** Required work **
Those lines of the data that hold the word "enter" are to be copied out.

** Study material **
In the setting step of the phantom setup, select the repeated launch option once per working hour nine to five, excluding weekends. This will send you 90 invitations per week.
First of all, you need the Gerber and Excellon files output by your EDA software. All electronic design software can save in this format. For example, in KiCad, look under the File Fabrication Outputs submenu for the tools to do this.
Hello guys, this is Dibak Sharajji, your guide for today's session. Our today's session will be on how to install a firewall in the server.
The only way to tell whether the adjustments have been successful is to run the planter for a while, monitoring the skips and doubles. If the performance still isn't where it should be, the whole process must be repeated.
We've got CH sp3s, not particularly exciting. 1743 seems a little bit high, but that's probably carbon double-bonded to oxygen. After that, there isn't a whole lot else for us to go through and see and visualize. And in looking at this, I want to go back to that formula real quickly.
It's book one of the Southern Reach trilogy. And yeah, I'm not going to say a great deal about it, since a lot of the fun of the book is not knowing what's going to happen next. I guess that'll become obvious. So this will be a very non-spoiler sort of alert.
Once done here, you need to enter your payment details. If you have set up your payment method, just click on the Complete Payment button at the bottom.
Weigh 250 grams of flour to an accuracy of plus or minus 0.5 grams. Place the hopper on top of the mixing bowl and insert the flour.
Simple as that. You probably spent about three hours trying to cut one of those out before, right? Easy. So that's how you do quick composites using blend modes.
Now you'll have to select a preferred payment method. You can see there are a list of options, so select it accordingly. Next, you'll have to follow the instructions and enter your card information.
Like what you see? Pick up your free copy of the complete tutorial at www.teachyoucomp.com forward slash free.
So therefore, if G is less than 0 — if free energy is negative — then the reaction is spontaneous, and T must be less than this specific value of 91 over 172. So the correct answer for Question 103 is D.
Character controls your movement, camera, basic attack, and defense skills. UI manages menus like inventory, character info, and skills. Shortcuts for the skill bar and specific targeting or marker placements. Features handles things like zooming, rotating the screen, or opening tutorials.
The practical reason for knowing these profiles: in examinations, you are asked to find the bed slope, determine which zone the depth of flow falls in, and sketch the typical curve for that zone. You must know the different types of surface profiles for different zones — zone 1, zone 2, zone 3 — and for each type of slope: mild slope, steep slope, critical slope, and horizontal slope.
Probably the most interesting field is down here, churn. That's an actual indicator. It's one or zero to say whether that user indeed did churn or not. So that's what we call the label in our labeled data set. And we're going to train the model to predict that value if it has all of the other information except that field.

** Task response **
Once done here, you need to enter your payment details. If you have set up your payment method, just click on the Complete Payment button at the bottom.
Now you'll have to select a preferred payment method. You can see there are a list of options, so select it accordingly. Next, you'll have to follow the instructions and enter your card information.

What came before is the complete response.